Een belangrijk verschil met de nulmeting is dat in geen enkele casus terughoudendheid wordt gerapporteerd in de uitwisseling van informatie. Overigens melden sommige medewerkers dat er in andere gevallen wel terughoudendheid kan zijn; de zaken zijn in dat opzicht niet representatief. Bovendien hebben ze slechts betrekking op contacten met twee GGZ-instellingen: GGNet (3 casussen) en GGZ Nijmegen (1 casus).

Onbekendheid met elkaars werk

Bij een deel van de casussen zijn er irritaties of is er kritiek op de rol van de andere partij. Deze lijken te maken te hebben met onbekendheid over elkaars rol of verschillende opvattingen over elkaars taken. Deels hebben ze ook te maken met het zoeken naar grenzen in de afstemming. Zo wordt een AMK-medewerker afstandelijkheid verweten omdat hij een zaak heeft afgesloten terwijl het gezin in de ogen van de GGZ-medewerker nog open

stond voor hulp. De betrokken AMK-medewerker heeft in zijn ogen gedaan waar hij voor is aangesteld: onderzoeken en toetsen. In een ander geval is er irritatie bij een GGZ-medewerker omdat het AMK zich teveel zou bemoeien met de hulpvraag van de cliënt.

‘Ik had er geen probleem mee de info te delen. Wat het AMK wilde was erg duidelijk. In het begin was ik een beetje geïrriteerd want het AMK kan niet de behandeling voor gaan schrijven die ik mijn cliënt moet geven.

Daarna ging het prima’. (GGZ-medewerker).

De AMK-medewerker over dezelfde casus:

‘Het was beslist zo dat ze haar kennis wilde delen.

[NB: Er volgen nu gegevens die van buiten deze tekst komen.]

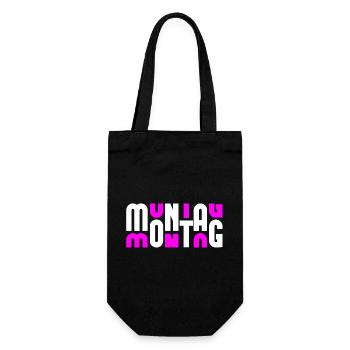 Monday White/Pink - Gift Bag for Bottles - black - Front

Dat het stroef liep kwam omdat het zoeken was naar de rollen: staat er iemand boven en iemand onder, of sta je naast elkaar’. (AMK-medewerker).

GGZ-medewerkers zouden zich soms teveel ‘boven’ de andere partij opstellen en te weinig naast elkaar als samenwerkende partners met een gezamenlijk doel: preventie van kindermishandeling.

Dergelijke fricties over en weer kunnen een optimale hulpverlening aan kinderen in de betreffende gezinnen in de weg staan.

Bredere aanpak van belang

Uit de een-meting blijkt overigens dat voor de preventie van kindermishandeling niet alleen de samenwerking tussen het AMK en de GGZ aandacht behoeft: het belang van goede deling van informatie en afstemming over de te volgen koers geldt breder.

Bij een aantal casussen is een veelheid aan instellingen betrokken.

Soms doen zich juist in de afstemming met overige instellingen problemen voor. Onzekerheid over hoe te handelen en over risico-inschatting bij genoemde instellingen, zoals de RIBW, speelt daarbij mee.